Whatever the nom de guerre implies, Petite Anglaise, as Catherine Sanderson is better known to her extended world family, is no Little Englander. Nor, as a Yorkshire lass, is she an especially staunch champion of the Queen's English.
But as the long awaited launch of her book approaches, she has posted a delicious item at her site about trying as best she can to stick up for her first language against the more irritating demands of her American publishers.
More of that in a minute.
For the benefit of new Salut! readers, Catherine and I first met electronically.

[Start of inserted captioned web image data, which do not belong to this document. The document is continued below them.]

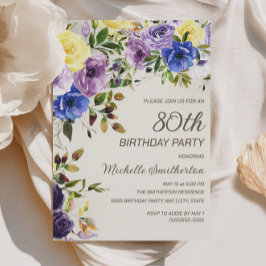 Invitación Morado Amarillo Floral 80 cumpleaños
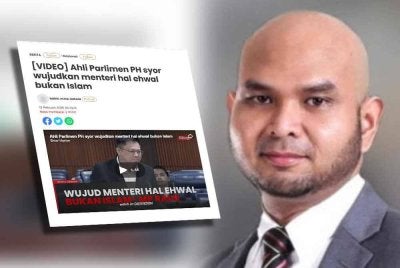 Laporan Sinar Harian berhubung syor ahli Parlimen PH bagi mewujudkan menteri hal ehwal bukan Islam. Gambar kanan: Muhamad Hisham Marzuki
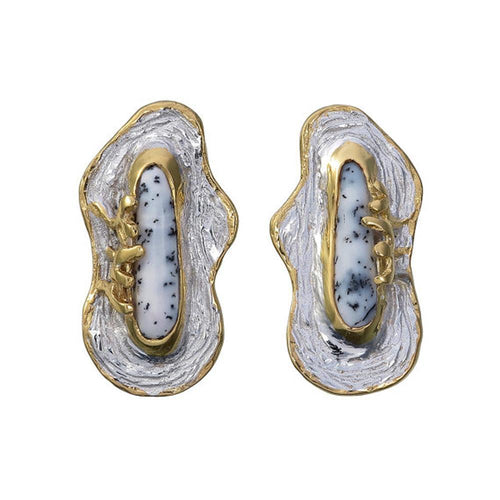 Opal Magic Dendritic Opal Long Earrings in 925 sterling silver, Goldlip Jewelry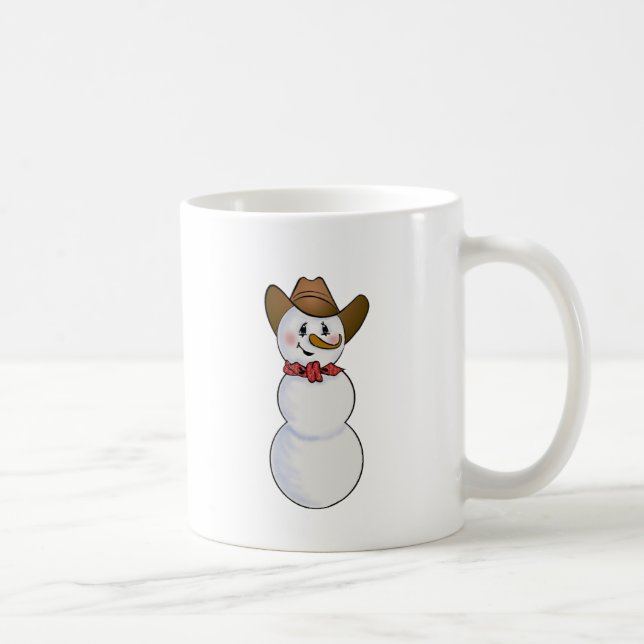 Caneca De Café Boneco de neve do vaqueiro com Bandana vermelho (Direita)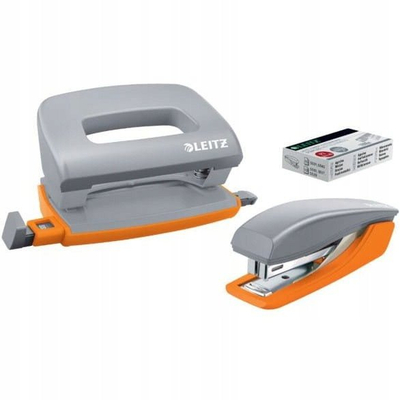 Set stapler dhe dziurkacz Leitz Urban Chic, deri 10 fletë, gri portokalli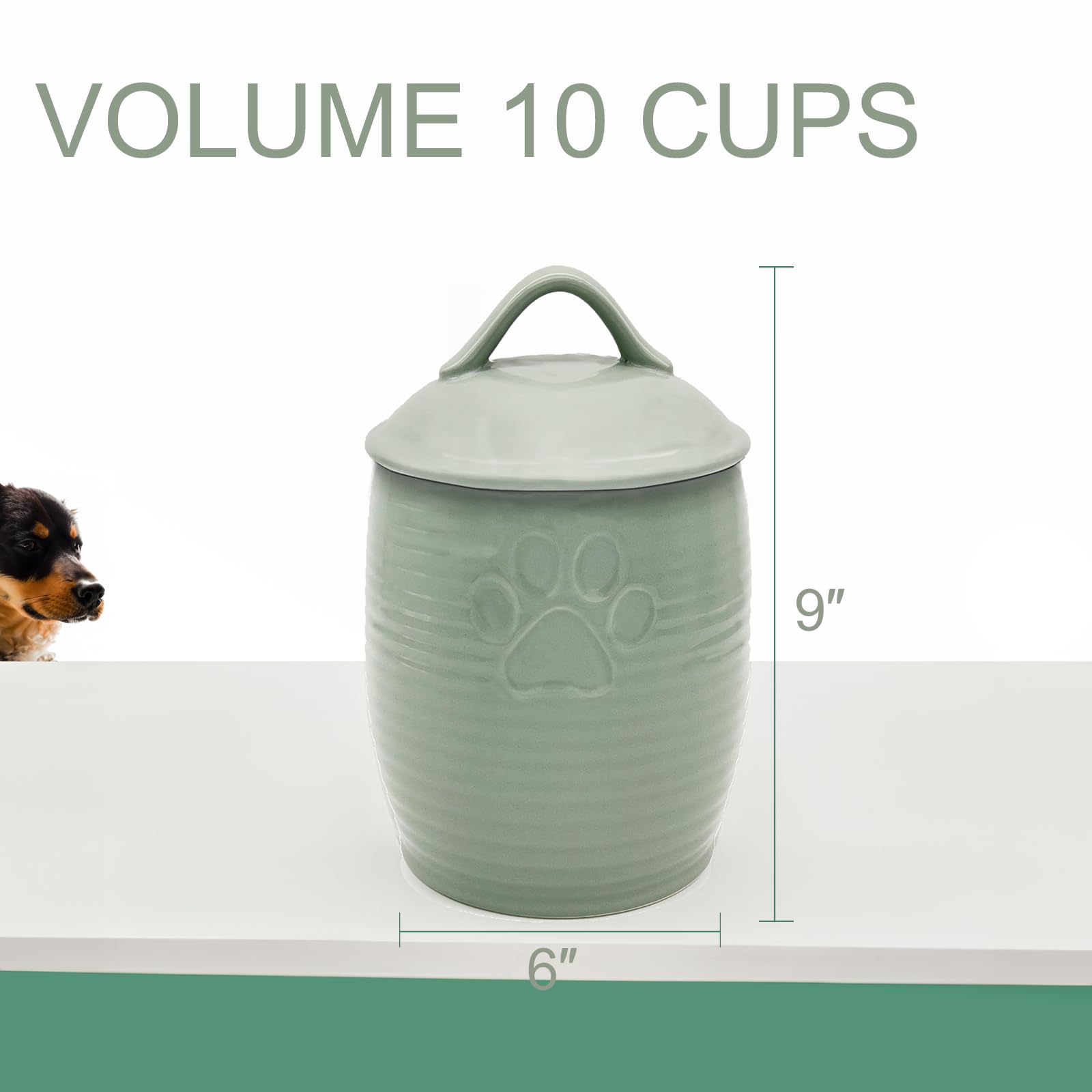 NIXBYO rustic dog treat jar with lid adds farmhouse charm to your counter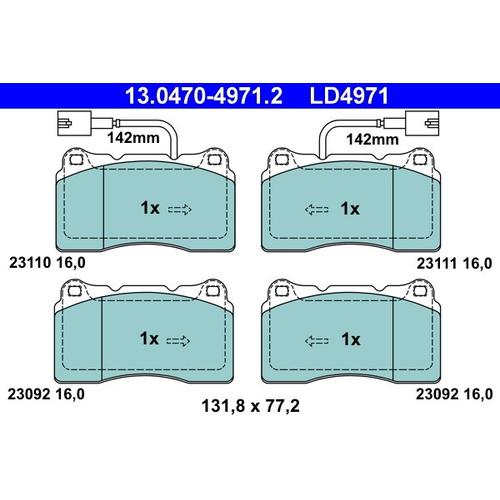 ATE Bremsbelagsatz, Scheibenbremse Ceramic vorne rechts links für FIAT 77366389 9951050 9948030 13.0470-4971.2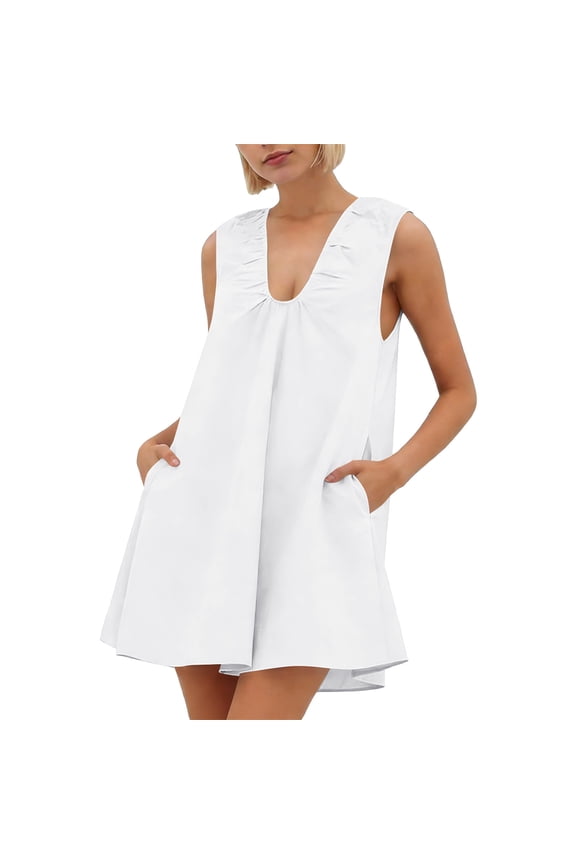 White Women's Summer Mini Dress V Neck Beach Dresses With Pockets Ruffle Sleeveless Wrap Casual Shift Dress Boho Beach Vacation Flowy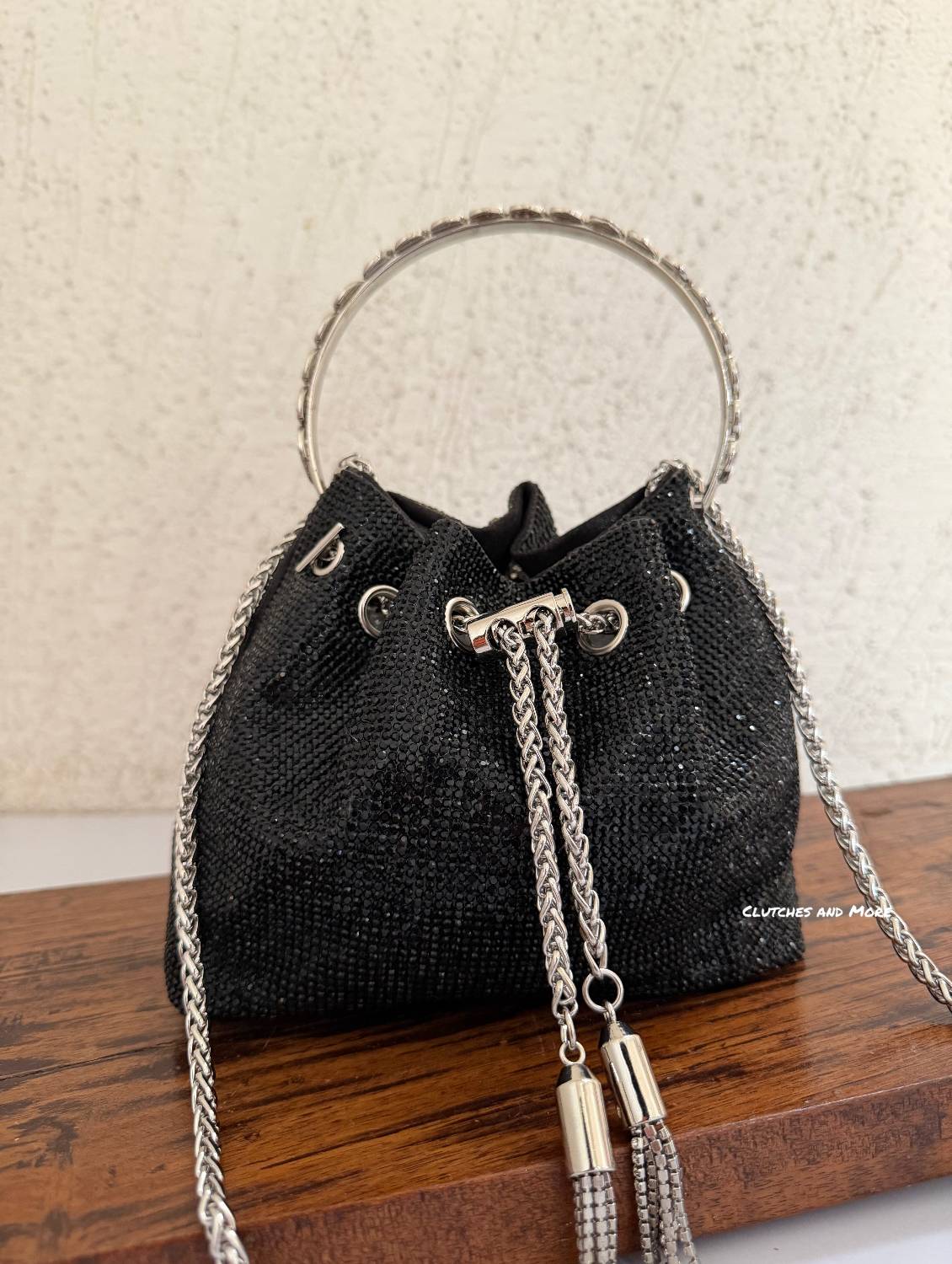 Rhinestone Bucket Bag Black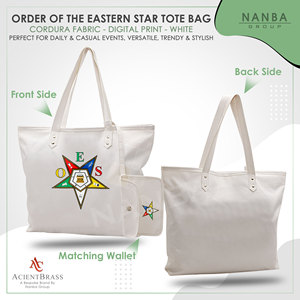 Sac fourre-tout en toile brodé Eastern Star avec fermeture éclair, pochette blanche imperméable assortie, accessoire de shopping toutes saisons - Product Image 2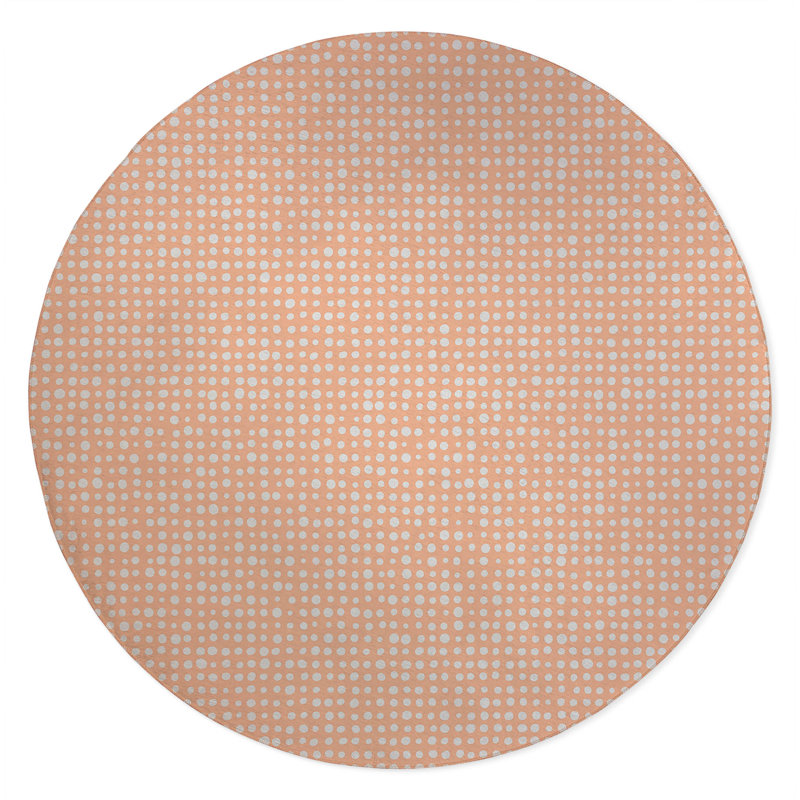 Assorted Dots Non-Slip Outdoor Rug, Round 5'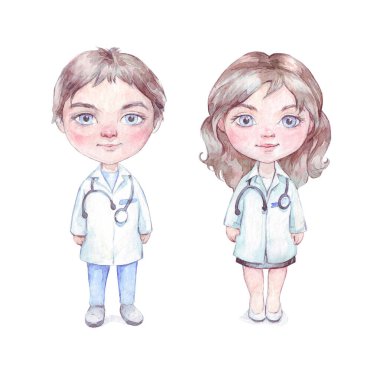 Küçük karikatür doktorları suluboya sanatı izole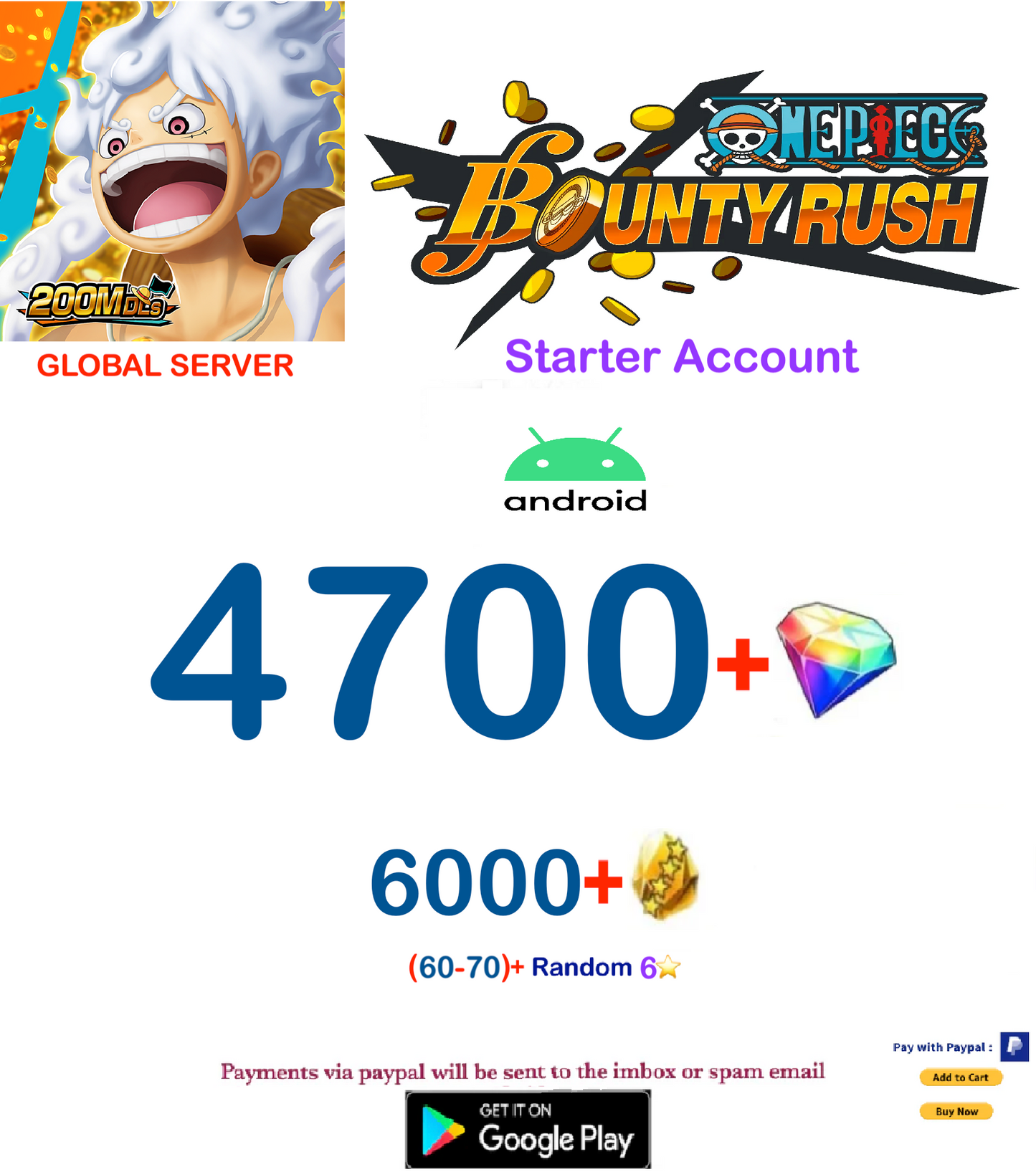 [Global Server][Android Version ] One Piece Bounty Rush  Reroll Starter  Account v9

We both blogged from Paris, though my efforts (despite being backed by the resources of a big national newspaper) were somewhat less successful than hers.
Those pre-Salut! ramblings of mine were widely enough seen to keep me at or near the top of the Telegraph's internal blogging charts. But even before I wrote the stories that spread Catherine's fame to a vast new public and hastened the book deal she deserved and would have got anyway, her following was on an entirely different scale.
Now she is on the brink of publication. It will, if I am right, raise her to a new level of celebrity and prosperity. There will be some backbiting - the newspapers that miss out on serialisation, magazines denied the big interview, lowlier bloggers envious of her impressive march into the mainstream.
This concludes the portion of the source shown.